(Since this is just a string of references, I do not believe this constitutes a 'real answer' but it is too long for a comment, so I'm placing it in the answer field. Editors, please feel free to correct my etiquette.)
As for a general introduction or survey article, you might also look at these:
"An introduction to Heegaard Floer homology" by Ozsvath and Szabo.
https://web.math.princeton.edu/~szabo/clay.pdf
"A introduction to knot Floer homology" by Manolescu.
http://arxiv.org/abs/1401.7107
Regarding the second part of your reference request, about the calculation of the knot Floer groups of the trefoil or the figure eight; well, these are alternating knots, and so their Floer groups are completely determined by their signature and Alexander polynomials (see Theorem 1.3). However, I think what you are asking for is an explicit calculation from a Heegaard diagram. In the paper "Holomorphic disks and knot invariants" by Ozsvath and Szabo, you can find such a calculation for the trefoil in Section 6.1. However, this is not an introductory article --- it is full strength. You may also benefit from this expository article (in PDF form) written by Andrew Manion. His exposition also contains examples of explicit calculations, especially in Section 3.
Sometimes the grid diagram approach to calculating knot Floer groups makes for a gentler introduction.

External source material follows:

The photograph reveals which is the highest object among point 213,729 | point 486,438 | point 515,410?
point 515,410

For that, you might look at the paper "A combinatorial description of knot Floer homology" by Manolescu, Ozsvath and Sarkar. In Section 4 there are explicit calculations for the Hopf link and the trefoil.
Finally, for the third part of your reference request, I don't really understand what you mean by 'does not determine the unknotting number,' but I think you should look at the paper "Knots with unknotting number one and Heegaard Floer homology" by Ozsvath and Szabo, in particular Theorem 1.1 and Corollary 1.2. (The arXiv version is linked). They use the Heegaard Floer homology of the branched double cover of a knot to give an obstruction to that knot having unknotting number one.
They apply their obstruction (the symmetry condition of Theorem 1.1) to show that the alternating knot $8_{10}$ does not have unknotting number one. I am under the impression this knot was already known to have $u(K)\leq2$, therefore they conclude it has unknotting number two.